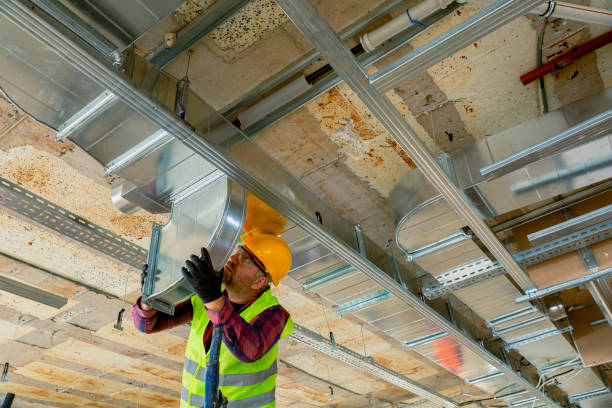 Best Commercial HVAC in South Bound Brook, NJ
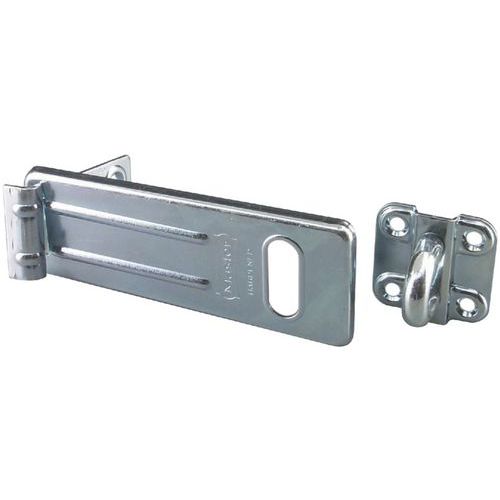 Aldaba - Master Lock
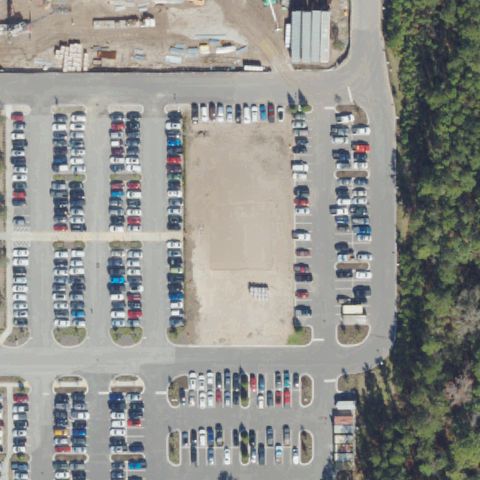Aerial tile for 51FA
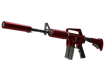 M4A1-S Hot Rod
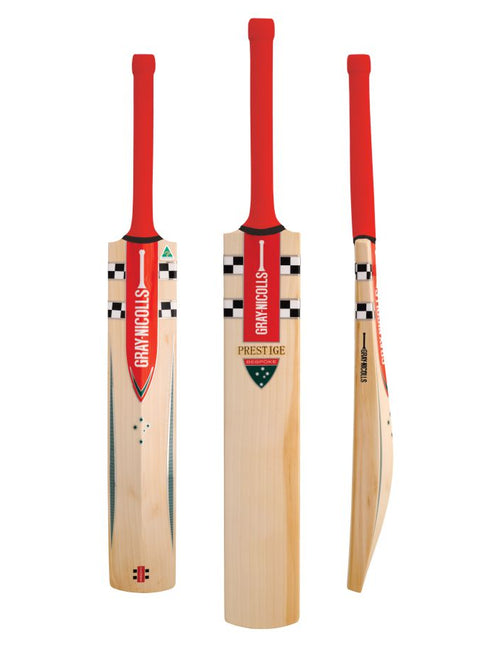 Load image into Gallery viewer, Gray Nicolls Prestige Junior Cricket Bat (6781352378420)
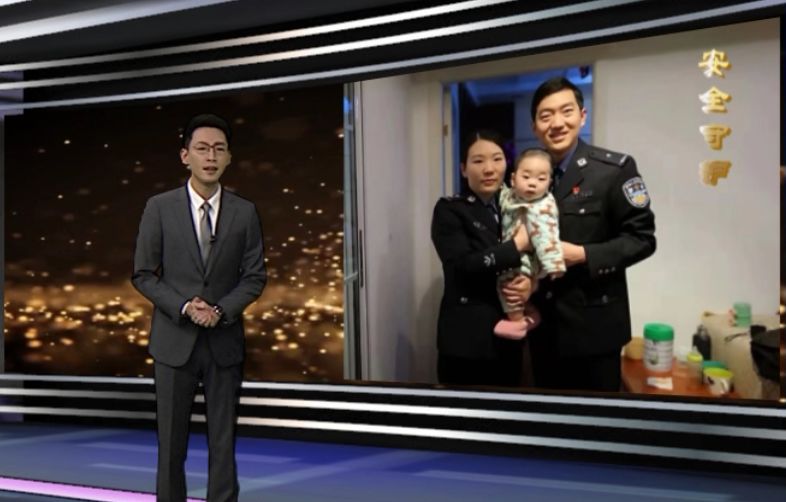 见证一场特殊的发布会,见证洛阳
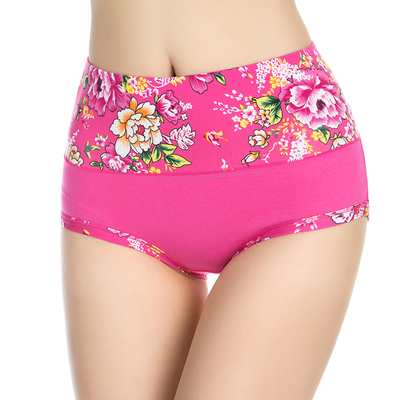 Slip jeunesse sexy en coton - Ref 654301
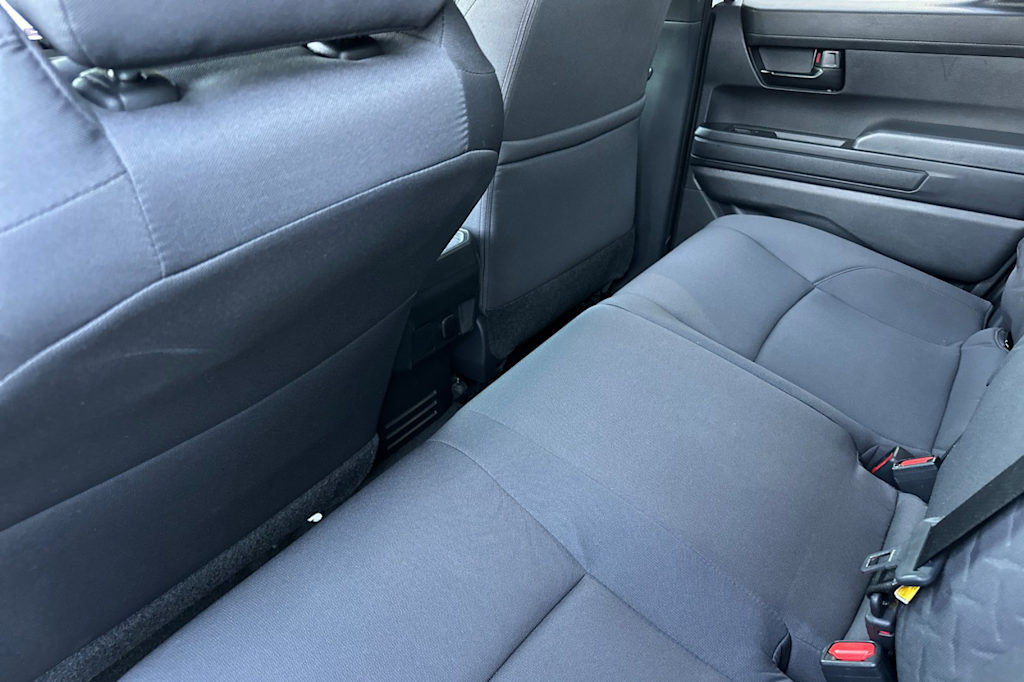 Thumbnail: 2024 Toyota Tacoma - 10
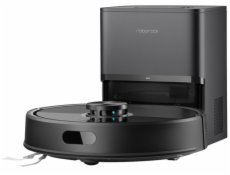 RoboRock Q7 TF+ (černý, s dokovací stanicí RockDock Plus)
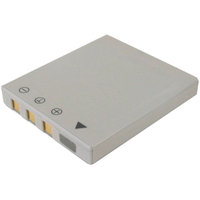 Lenmar Battery replaces Samsung SLB-0837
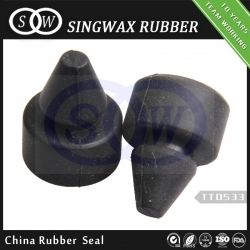 Factory outlet oil resistant wear resistant nbr rubber screw sealing plug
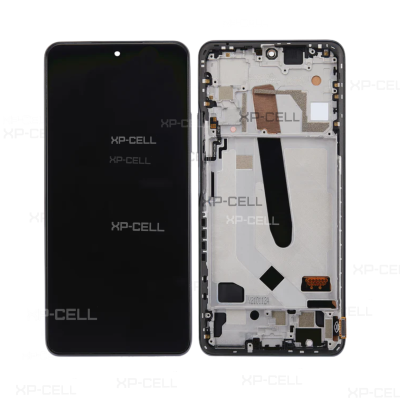 PANTALLA CON MARCO XIAOMI POCO F3/K40 (INCELL)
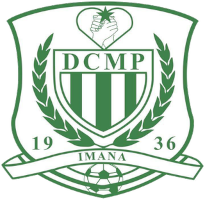 DC Motema Pembe - Logo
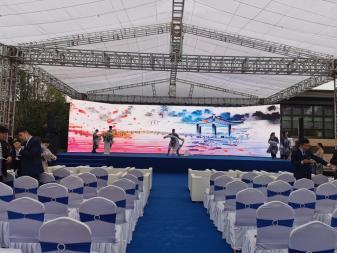 綻放企業(yè)風(fēng)采 文化傳媒公司的開業(yè)慶典、年會與活動策劃全攻略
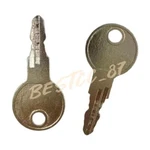 2X For Generac Keys 0G66240KEY Fits 2008 - 2024 8KW 26KW New. Price: $8.99.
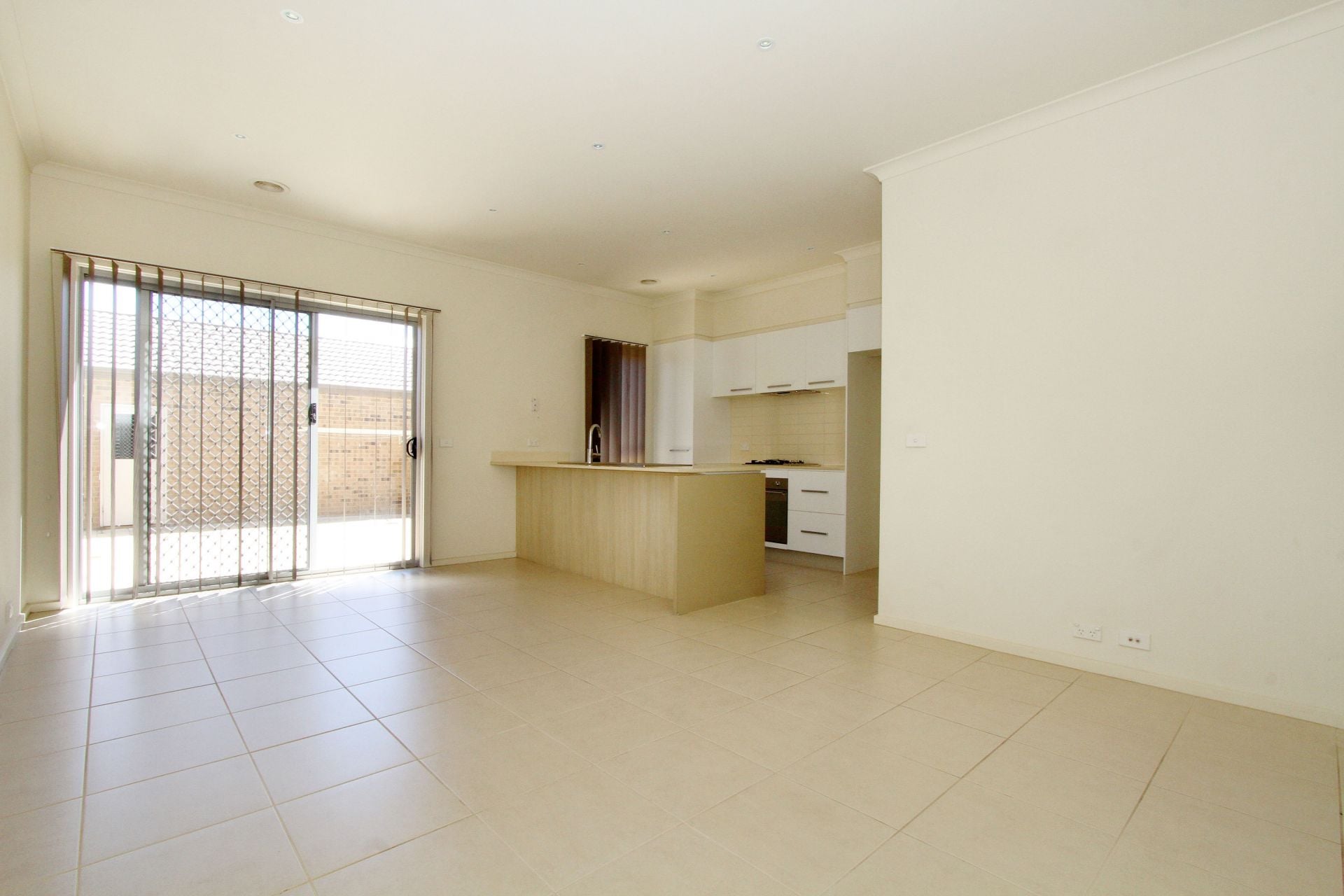 Lovely 3 Bedroom Townhouse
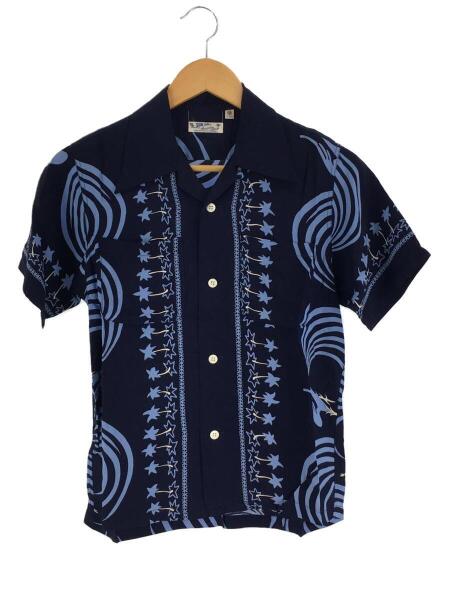 SUN SURF(サンサーフ) / LONG TAILED COCK ALOHA SHIRTS/アロハシャツ 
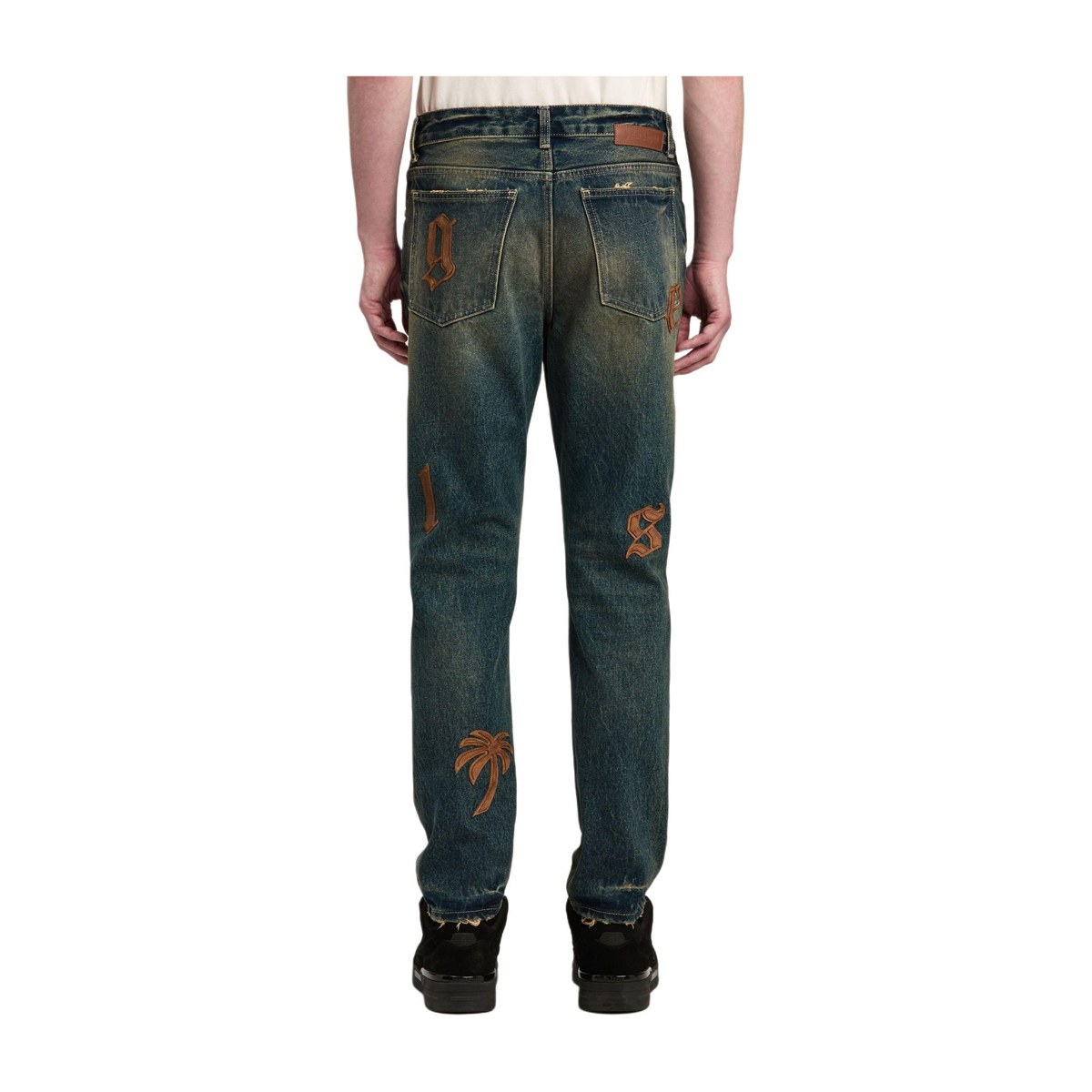 Palm Angels Jeans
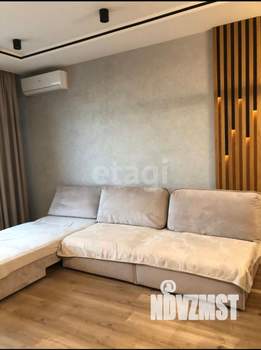 3-к квартира, вторичка, 88м2, 9/12 этаж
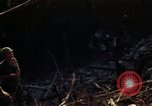 Image of Activities of soldiers during Operation Delaware A Shau Valley Vietnam, 1968, second 61 stock footage video 65675026859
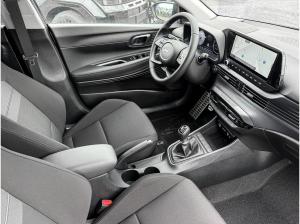 Hyundai BAYON Bayon PRIME FL 1.0 T-GDI BOSE RFK 6-MT 2WD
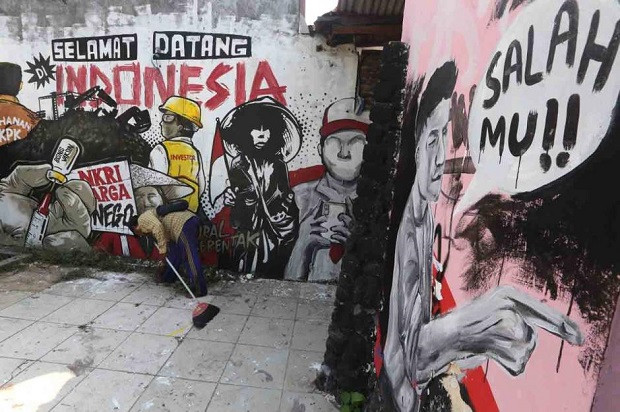 PAN Gabung Koalisi Pemerintah,...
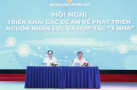 Chậm hành động là mất cơ hội: Giáo dục đại học phải chuyển mình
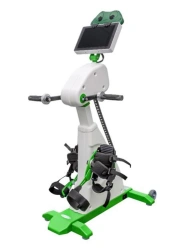 Orthopedic Therapy Device "ORTORENT" Model "MOTO Kids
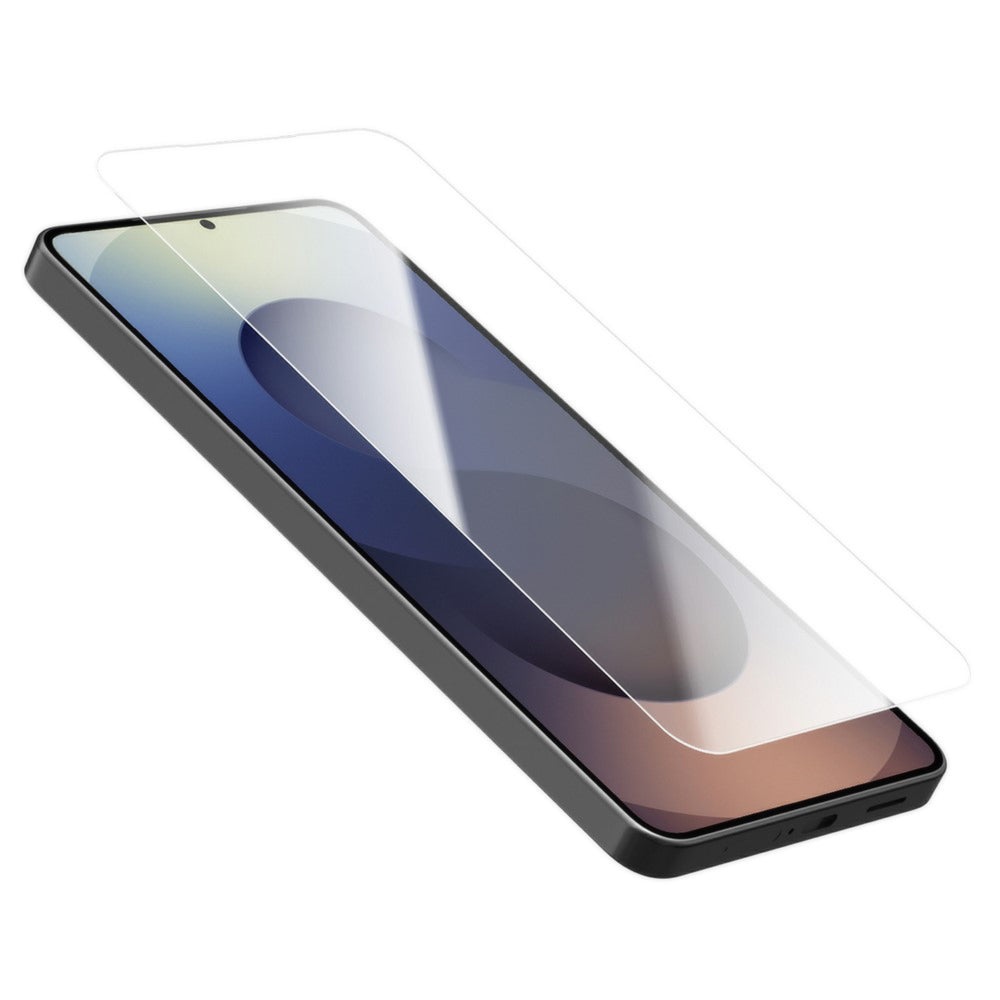 Folie de protectie Ecran Nillkin H+ Pro with Applicator pentru Samsung Galaxy S26 Plus S947, Sticla Securizata, Full Glue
· · · · ·
Each line from the top of the material through the line containing "Thumbnail: 2024 Toyota Tacoma - 10" should be reproduced exactly; please drop any images.

TASK OUTPUT>
 Best Commercial HVAC in South Bound Brook, NJ
 Aldaba - Master Lock
Aerial tile for 51FA
 M4A1-S Hot Rod
 Load image into Gallery viewer, Gray Nicolls Prestige Junior Cricket Bat (6781352378420)
 见证一场特殊的发布会,见证洛阳
 Slip jeunesse sexy en coton - Ref 654301
 Thumbnail: 2024 Toyota Tacoma - 10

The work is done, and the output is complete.